### Given data:
⁂
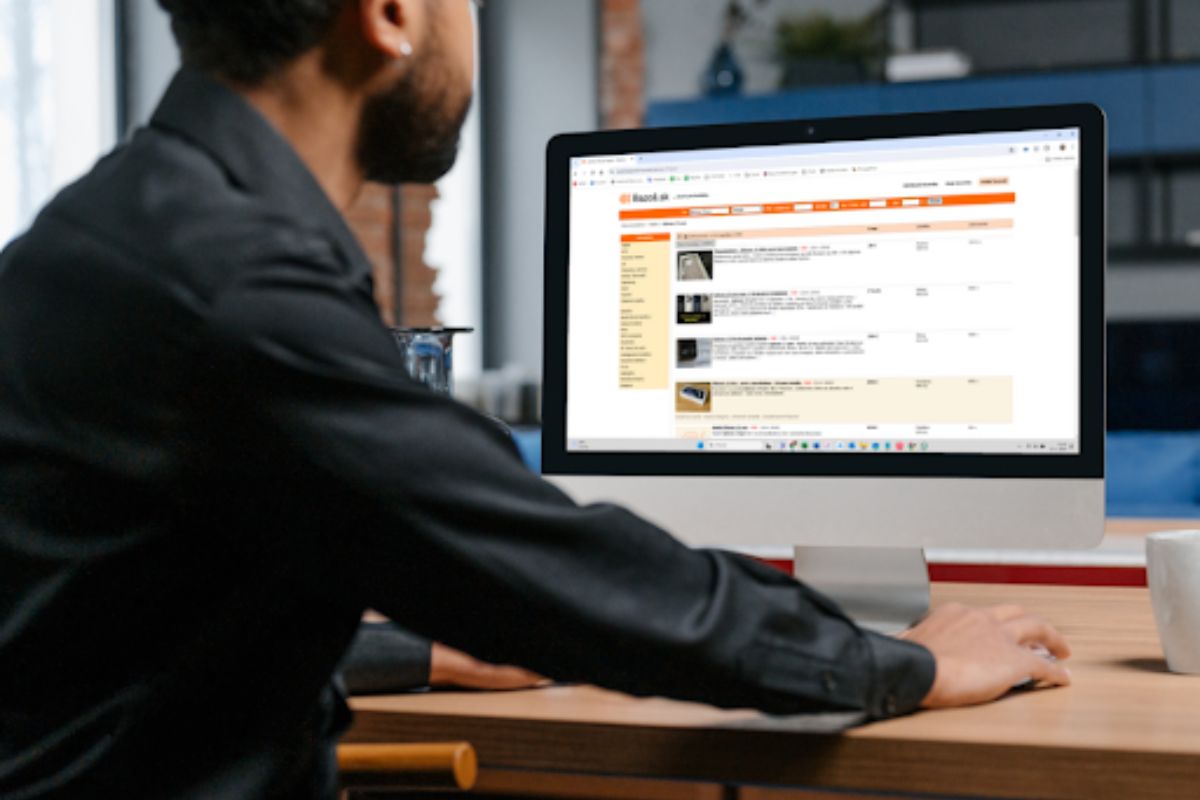 Ako predať mobil na internete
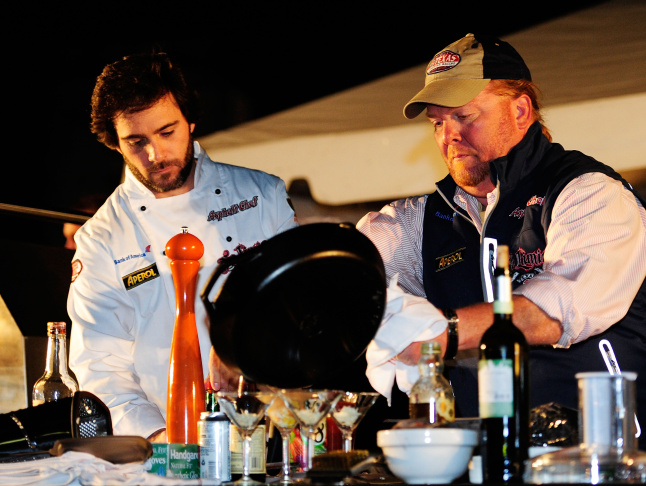 Asphalt Chef Charity Bash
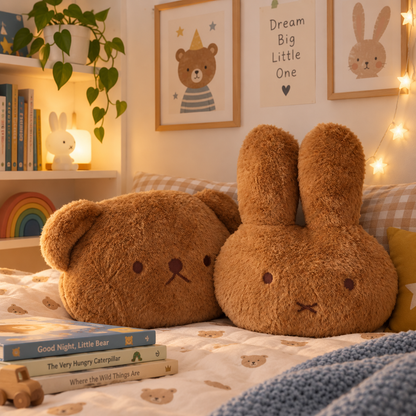 Kawaii Plush Pillow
⁂
### What to work on:
In your output, repeat the listing above exactly and include none of the pictures.

### Written solution:
 Ako predať mobil na internete
 Asphalt Chef Charity Bash
 Kawaii Plush Pillow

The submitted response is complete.